Versions of src/config.h and src/pcre2.h are distributed in the PCRE2 tarballs
under the names src/config.h.generic and src/pcre2.h.generic. These are
provided for those who build PCRE2 without using "configure" or CMake. If you
use "configure" or CMake, the .generic versions are not used.


GENERIC INSTRUCTIONS FOR THE PCRE2 C LIBRARY

The following are generic instructions for building the PCRE2 C library "by
hand". If you are going to use CMake, this section does not apply to you; you
can skip ahead to the CMake section. Note that the settings concerned with
8-bit, 16-bit, and 32-bit code units relate to the type of data string that
PCRE2 processes. They are NOT referring to the underlying operating system bit
width. You do not have to do anything special to compile in a 64-bit
environment, for example.

 (1) Copy or rename the file src/config.h.generic as src/config.h, and edit the
     macro settings that it contains to whatever is appropriate for your
     environment. In particular, you can alter the definition of the NEWLINE
     macro to specify what character(s) you want to be interpreted as line
     terminators by default.

     When you subsequently compile any of the PCRE2 modules, you must specify
     -DHAVE_CONFIG_H to your compiler so that src/config.h is included in the
     sources.

     An alternative approach is not to edit src/config.h, but to use -D on the
     compiler command line to make any changes that you need to the
     configuration options. In this case -DHAVE_CONFIG_H must not be set.

     NOTE: There have been occasions when the way in which certain parameters
     in src/config.h are used has changed between releases. (In the
     configure/make world, this is handled automatically.) When upgrading to a
     new release, you are strongly advised to review src/config.h.generic
     before re-using what you had previously.
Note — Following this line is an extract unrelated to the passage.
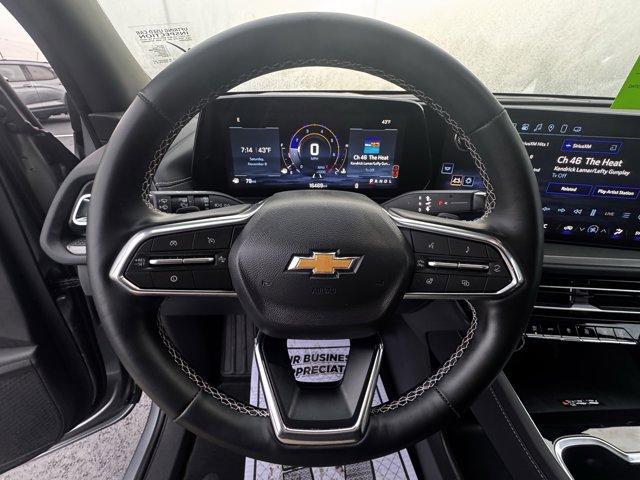 used 2025 Chevrolet Traverse car, priced at $35,275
     Note also that the src/config.h.generic file is created from a config.h
     that was generated by Autotools, which automatically includes settings of
     a number of macros that are not actually used by PCRE2 (for example,
     HAVE_MEMORY_H).

 (2) Copy or rename the file src/pcre2.h.generic as src/pcre2.h.

 (3) EITHER:
       Copy or rename file src/pcre2_chartables.c.dist as
       src/pcre2_chartables.c.

     OR:
       Compile src/pcre2_dftables.c as a stand-alone program (using
       -DHAVE_CONFIG_H if you have set up src/config.h), and then run it with
       the single argument "src/pcre2_chartables.c". This generates a set of
       standard character tables and writes them to that file. The tables are
       generated using the default C locale for your system. If you want to use
       a locale that is specified by LC_xxx environment variables, add the -L
       option to the pcre2_dftables command. You must use this method if you
       are building on a system that uses EBCDIC code.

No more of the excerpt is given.